Performance in respect to the sustainable finance aggregate target of ¥20 trillion between fiscal 2019 and fiscal 2030 (of which ¥8 trillion is to be used for environmental finance)
〔Unit: trillion yen〕
    Fiscal 2019 performance Fiscal 2030 target
Environment Renewable energy finance projects,
development of project finances, etc.
0.9 8.0
Green bond underwriting 0.5
Others 0.8
Society Finance for social infrastructure, energizing of local communities, etc. 0.9 12.0
Other Fields spanning both environment and social 0.6
Total 3.7 20.0

Reducing CO2 Emissions Attributable to Our Business Activities

To reduce the environmental burden attributable to our business activities, we are working to assess and reduce the environmental footprints of our operations, such as GHG emissions. Please refer to the following for our recent reduction achievements.

CO2 Emission Intensity Index in Project Finance in the Power Generation Business(*1)

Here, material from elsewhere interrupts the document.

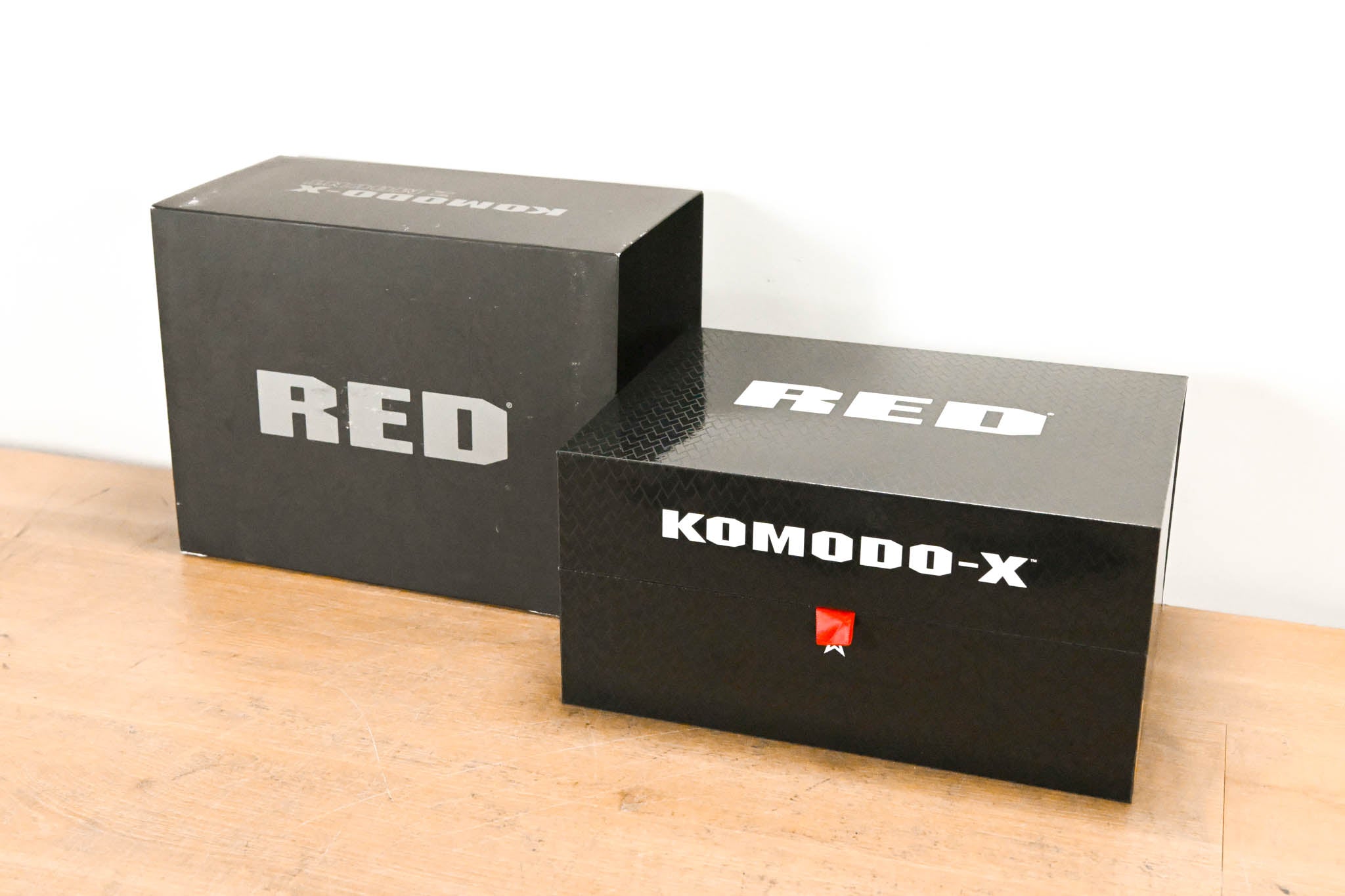 RED Digital Cinema KOMODO-X 6K Digital Cinema Camera (Nikon Z) w/ Cage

This is calculated with the objective of measuring environmental impacts in the fossil fuel (coal/oil/gas)-burning thermal power generation and renewable energy power generation businesses.
〔Unit:t-CO2/MWh〕
Fiscal 2017 Fiscal 2018 Fiscal 2019 (April~December)
0.410 0.368 0.394
  • *1 Targeting the fossil fuel (coal/petroleum/gas)-burning thermal power generation and renewable energy power generation businesses

Status of Carbon-related Assets(*2)

MUFG is working to assess carbon-related assets associated with its lending portfolio based on the TCFD recommendations.
Proportion of Carbon-related Assets Associated with the Lending Portfolio
  End of March 2019
Energy 3.0%
Utility 3.6%
Total 6.6%
  • *2 Based on the TCFD recommendations, MUFG has categorized the value of lending for the energy and utility sectors other than lending for renewable energy projects as constituting carbon-related assets.